**WORK INSTRUCTIONS:**
An exact copy of the lines of the listing below between the "Image 4 - 888227" line and the "TV - Single-storey" line, both included, is the whole answer; please omit the pictures.

BEGIN THE DATA

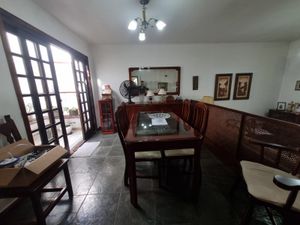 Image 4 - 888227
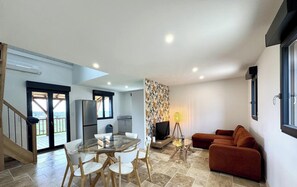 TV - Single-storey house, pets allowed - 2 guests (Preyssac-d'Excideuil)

END THE DATA
BEGIN THE DATA

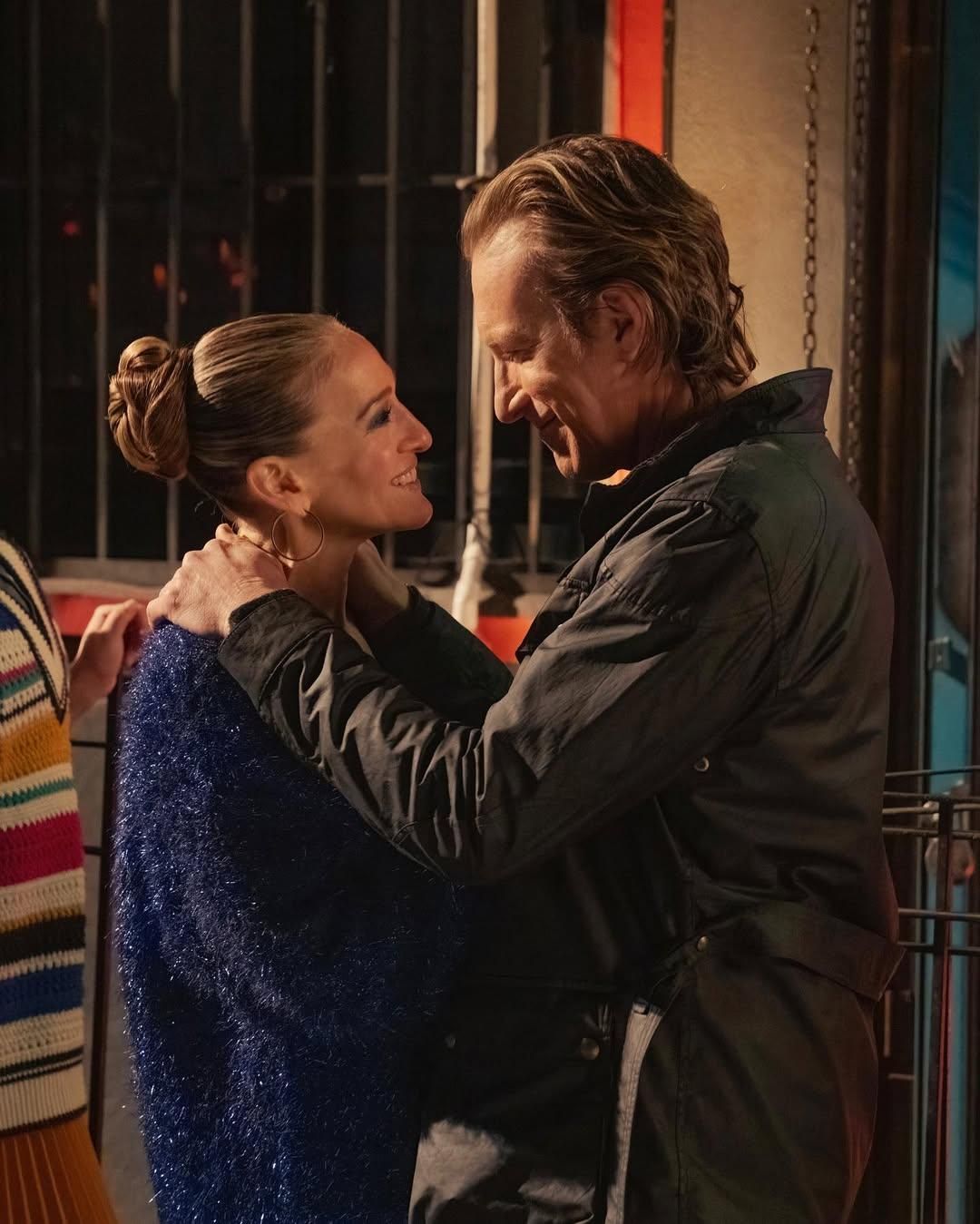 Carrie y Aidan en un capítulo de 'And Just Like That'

END THE DATA

**ANSWER FOR THIS EXERCISE:**
 Image 4 - 888227
 TV - Single-storey house, pets allowed - 2 guests (Preyssac-d'Excideuil)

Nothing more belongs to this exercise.